The Moonlight Sonata and the Soul of a Great Composer

Beethoven completed his twenty-seventh work in 1801, called “Quasi Una Fantasia.” It is a complex and riveting piano sonata written in C-sharp minor, a particularly emotional key. The name Moonlight Sonata did not come from Beethoven, but is believed to have been penned by a German music critic and poet named Ludwig Rellstab five years after Beethoven’s death in 1837. The poet Rellstab believed that the sonata sounded like moonlight shining on Lake Lucerne. To this day, nearly every publication uses the term for moonlight sonata either in English or in German (Mondscheinsonate.)

Ludwig van Beethoven, unlike Mozart, wrote in a very different musical style. His time period was shifting from the highly ordered classical era into the rule breaking and rebellious romantic era. His contemporaries in the arts were Thomas Jones, Anne-Louis Girodet de Roussy-Trioson and Eugene Delacroix. They were experimenting in colors, perspectives, themes and mediums. Their teachers all believed in very strict rules regarding art and its creation, while they wished to be free to compose or paint a subject as it exists as opposed to portraying it in a sophisticated light.

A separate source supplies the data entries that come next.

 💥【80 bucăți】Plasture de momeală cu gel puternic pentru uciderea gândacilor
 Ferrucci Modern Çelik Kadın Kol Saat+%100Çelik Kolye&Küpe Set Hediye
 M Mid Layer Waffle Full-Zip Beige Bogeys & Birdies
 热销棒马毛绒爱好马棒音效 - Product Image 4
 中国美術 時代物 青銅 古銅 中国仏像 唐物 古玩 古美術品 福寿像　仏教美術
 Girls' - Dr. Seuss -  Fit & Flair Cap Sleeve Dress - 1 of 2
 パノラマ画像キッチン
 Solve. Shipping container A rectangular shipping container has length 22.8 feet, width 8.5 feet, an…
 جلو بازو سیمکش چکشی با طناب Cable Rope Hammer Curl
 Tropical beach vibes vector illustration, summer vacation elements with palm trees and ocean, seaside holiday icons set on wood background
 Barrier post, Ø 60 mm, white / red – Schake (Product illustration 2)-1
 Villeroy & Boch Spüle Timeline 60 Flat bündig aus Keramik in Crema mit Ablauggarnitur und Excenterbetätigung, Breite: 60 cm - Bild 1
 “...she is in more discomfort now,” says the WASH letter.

This shift away from the rules shows itself in Beethoven’s sonata quite clearly; it is not really a sonata at all. The standard sonata form from the classical period featured a fast-slow-fast-fast movement setup. Beethoven’s Moonlight Sonata progresses from slow to moderate to extremely fast in three tempos.

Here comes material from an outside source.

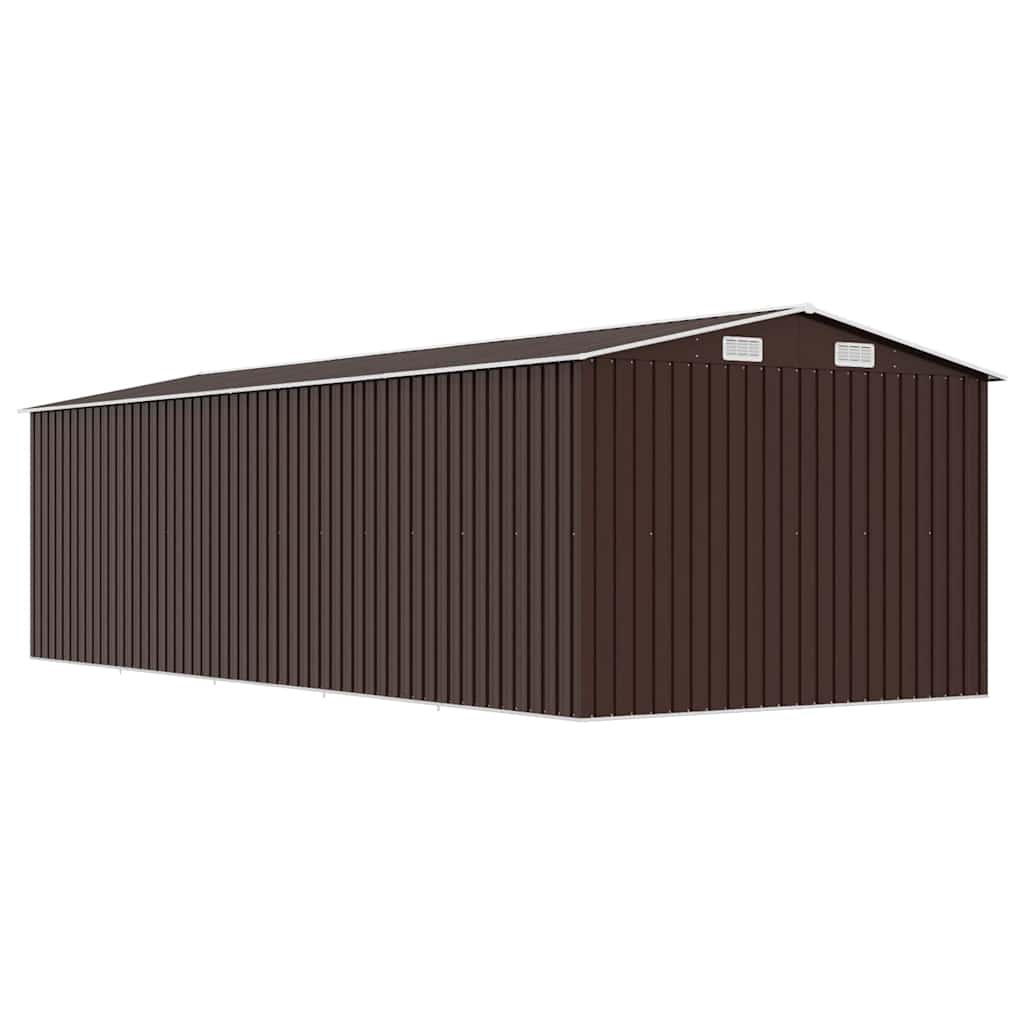 Vrtno spremište 257 x 580 x 181 cm metalno smeđe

Regardless of the formal classification, this work features great opportunities for dramatic expression and personality to be brought to the fore for any performer. Beethoven’s works are very serious and contemplative. It is important to avoid abrupt stylistic and dynamic changes. Each crescendo should be meticulously planned to prevent a sweeping increase in volume. Instead, a subtly increasing volume maintained over the length of the phrase embodies the heart and soul of Beethoven.